Additionally, I have some concern with the use of rolling averages to assess TL,1 ,4 since training adaptations and tissue conditioning do not fit averages. There are two main limitations with the ‘average approach’. First, averages overlook variations within the set period of time and obscure the overall TL patterns. Figure 1 exemplifies this limitation: fictitious athletes 1, 2 and 3 have identical acute (last week) and chronic (last 4 weeks) average TLs,1 despite very different daily variations and chronic TL patterns. The second limitation of averages is that they do not consider when a given stimulus happened within the set time frame.

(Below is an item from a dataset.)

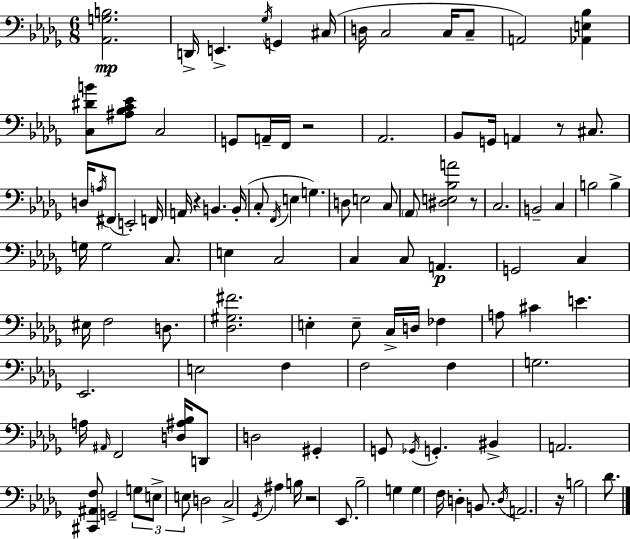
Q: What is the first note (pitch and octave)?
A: D2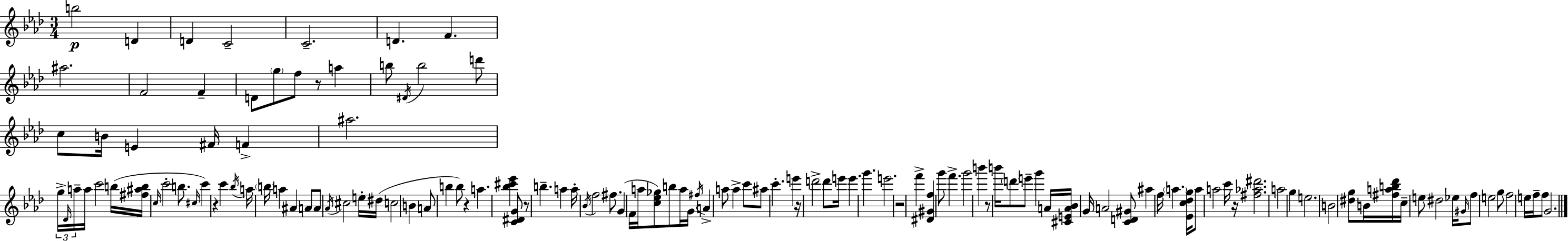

The effect of a training stimulus declines over time;5 however, the use of averages neglects this fundamental aspect. As an example, the chronic load calculated with a rolling average considers equally a training session carried out the day before the analysis and a session occurring 4 weeks before.

Figure 1

The daily training loads of athletes 1, 2 and 3 are shown at the top; the weekly training loads showing at the bottom. The acute (last week; 50 AU) and chronic (average of 4 weeks; 35 arbitrary units) training loads are identical; hence these three athletes present a theoretically identical injury risk (ie, acute:chronic ratio=1.43).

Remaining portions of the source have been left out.